My great grandmother Crucifissa was a liquor-smuggling queenpin. I know I said noir is fiction, but this is true. I mention it because the FBI came by this morning. Apparently some analysis genius found that the descendents of successful lawbreakers are extremely likely to follow suit. Because of Nonna-fissa, two agents wanted to get to know me. I’ll tell you the same thing I told them. The family knew Crucifissa worked at a speakeasy during Prohibition. It was part of the lore - little widowed Nonna, slaving away during tough times to put her sons through Ivy League schools; the youngest, my grandfather, graduating in 1933, and Nonna finally retiring from the "restaurant."
Nobody imagined she owned the speakeasy and controlled her own supply. If they had, logic might have followed that she also owned a warehouse full of "produce" trucks and land on both the Canadian and American sides of the Niagara River. As it was, no one had a clue.

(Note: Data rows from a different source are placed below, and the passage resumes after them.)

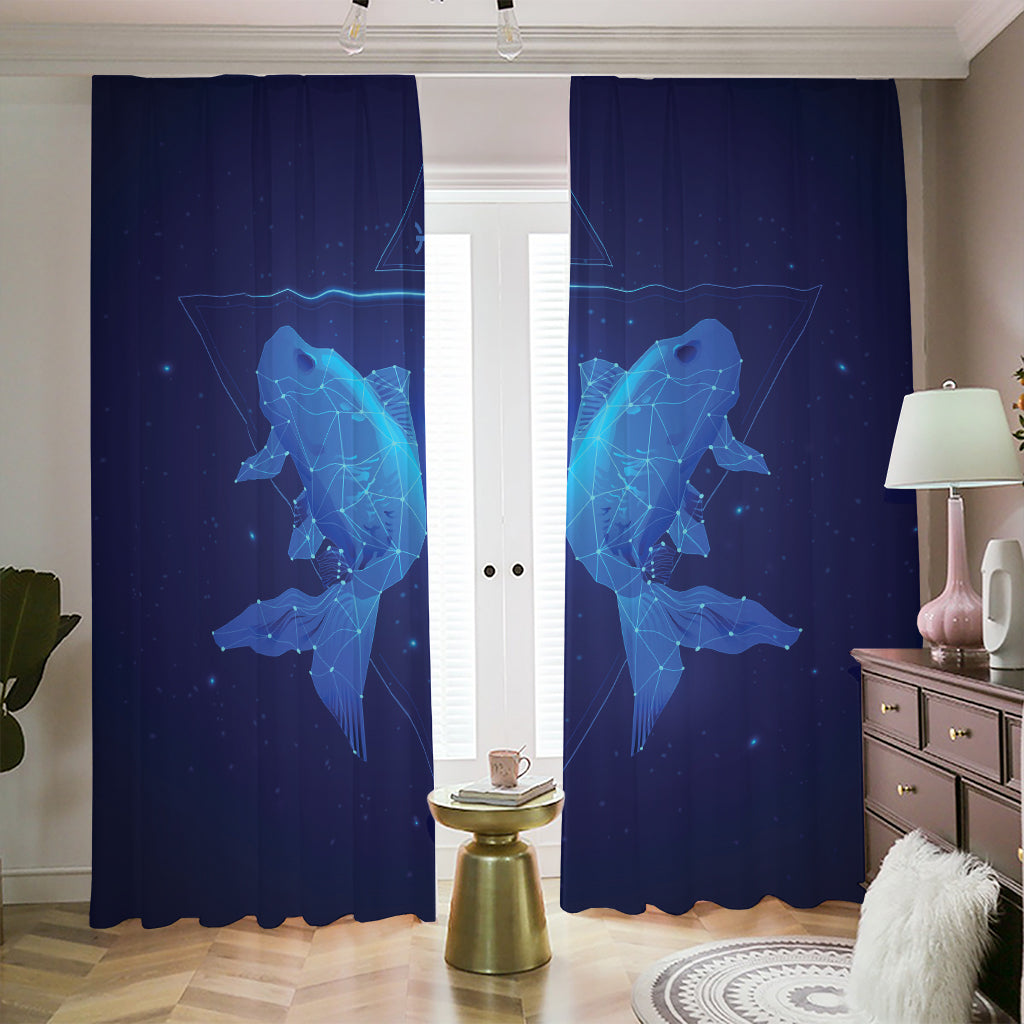 Pisces Horoscope Sign Print Blackout Pencil Pleat Curtains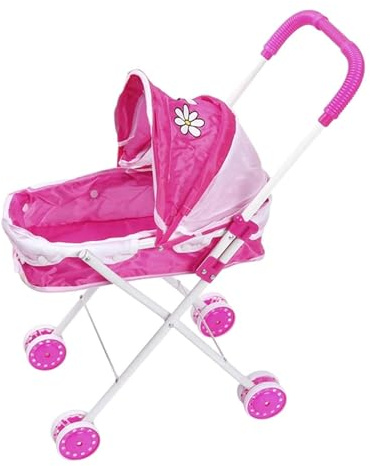 EHJRE Faltbarer Puppenwagen, Valentinstagsgeschenke für Kinder, Rollenspiele, Pädagogisches Mädchen, Geschenkwagen, Spielzeug, Mini Kinderwagen, Stil A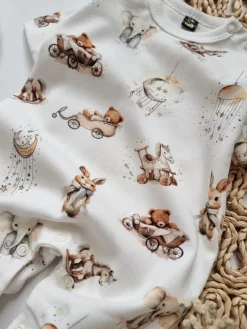 Rampers niemowlęcy retro zwierzątka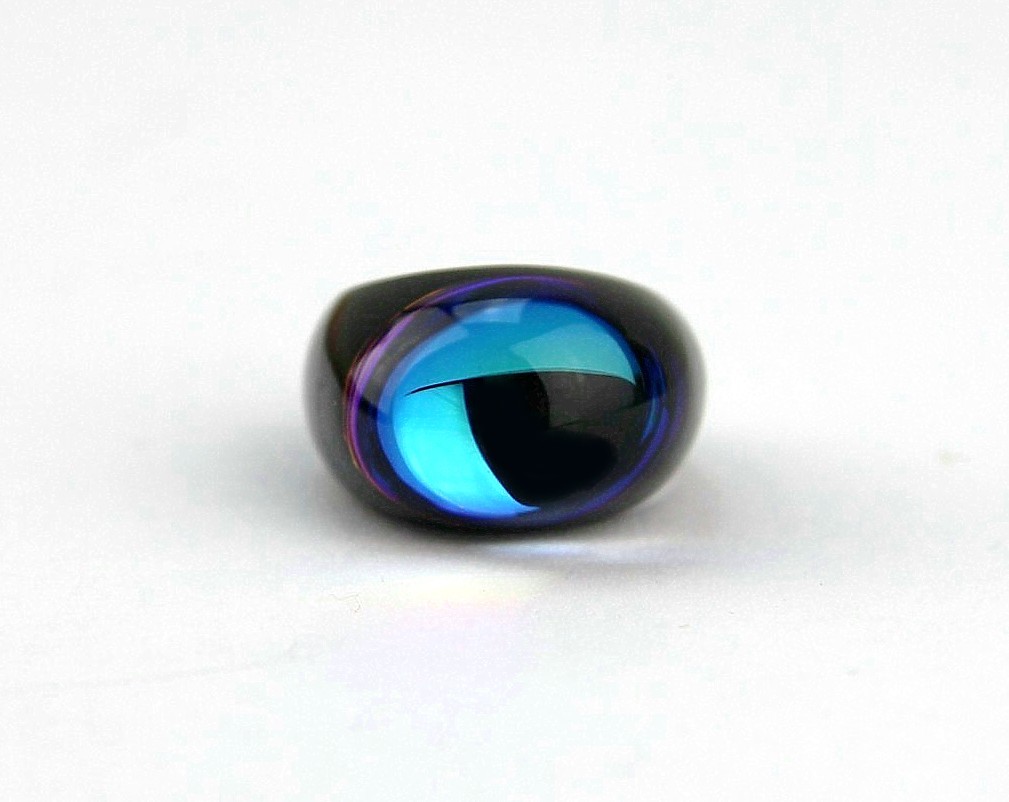 BACCARAT JEWELRY TANGO BLACK ONYX BLUE SCARABEE CRYSTAL RING SZ 49-5 US FRANCE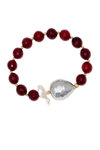 γυναικείο βραχιόλι, ελαστικό, με αχάτη σε ρουμπινί χρώμα, shell pearl σε ασημί χρώμα,λευκό μαργαριτάρι fresh water και ασημένια επιχρυσωμένα στοιχεία / 2BR0134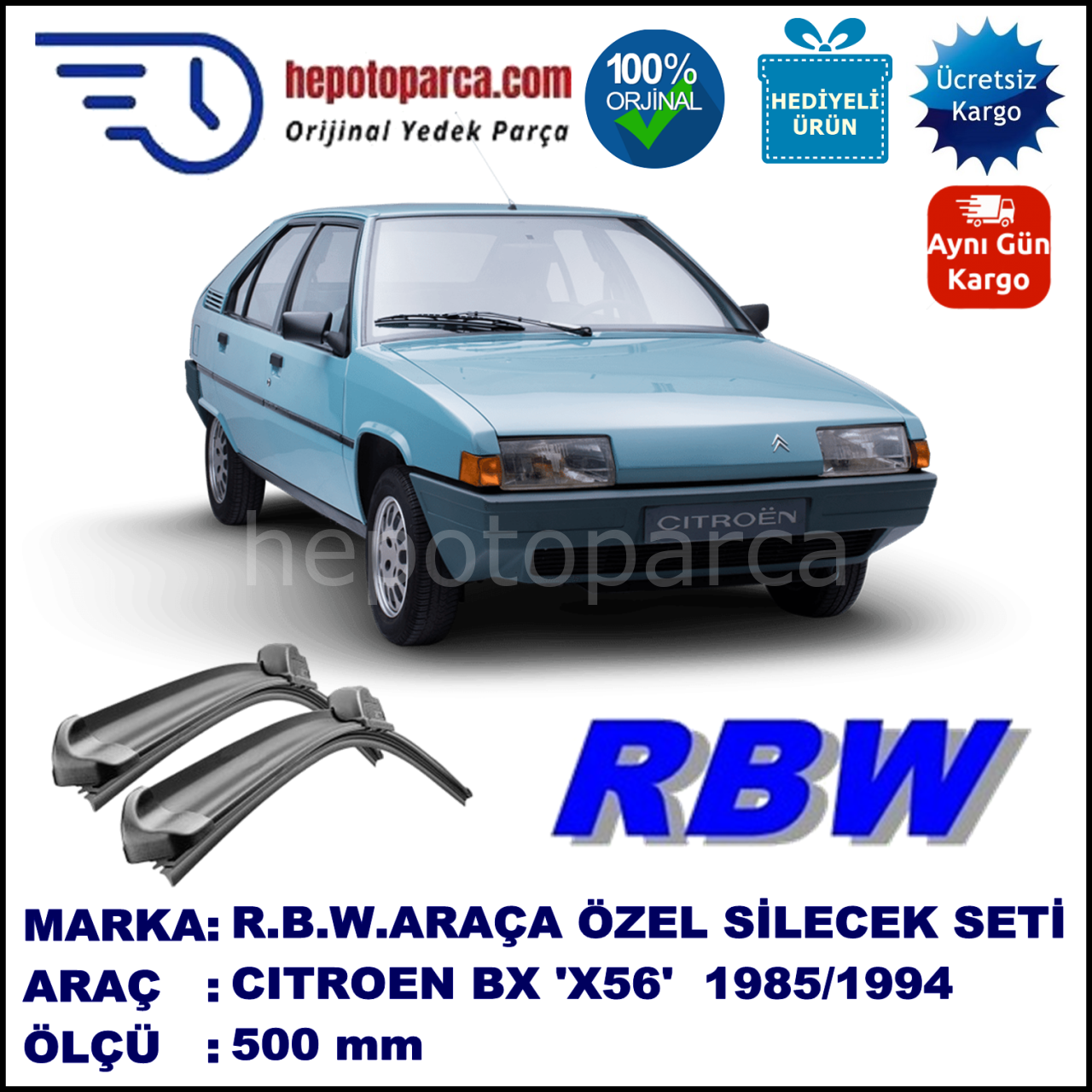 CITROEN BX [X56] 07.85-12.94 500 /  mm. RBW Muz Silecek U Kanca Uyumludur.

They way the agents tell it, it would have taken 50 typical motor boats, running 24/7 for every day of Prohibition, without ever losing a bottle or getting caught by the police boats, to explain the 10+million gallons of liquor the government could prove flowed in Western New York yet was not attributable to known smugglers. These seemed impossible figures because that’s what they were. The ever-escalating boat race between the smugglers and the law was a close one the entire time. One out of every four runs, a smuggler lost either his load, or his boat. Still, even small-time smugglers with big losses turned huge profits. That was the game. No small risk, plenty of losers, more winners, and lots, lots of money. The government had itself a missing pipeline.
The agents showed me a photograph of a scuttled barge being extracted from the Niagara river bed. It meant nothing familiar to me, but it was the reason the FBI had learned about Crucifissa’s existence and her invisible empire in the first place. The barge was two things - it was a pleasure boat painted with the name of a women’s temperance club and sunk by vandals on the day Prohibition was repealed, and it was full of liquor.
Fifty years too late to catch her, the government finally found their missing pipeline. It wasn’t 50 boats non-stop every day for 13 years. It was two. A tugboat and a barge, 3 or 4 times a year, year in and year out. Incredibly, the barge was never stopped, boarded or inspected. It’s almost if the temperance boat, supposedly carrying a load of hymn singing, tee-totaling, Christian women, was avoided and given the widest berth.
So tonight we drink to irony and the FBI. Without their informative visit, I might have been content to sell books all my life. But now? Well, I have my biological imperative and a sudden urge to use it. They have their empty file on me; and they've stated their intent to see me fill it. I did the only sporting thing I could do. I invited them to come back in 50 years when they’ve got something.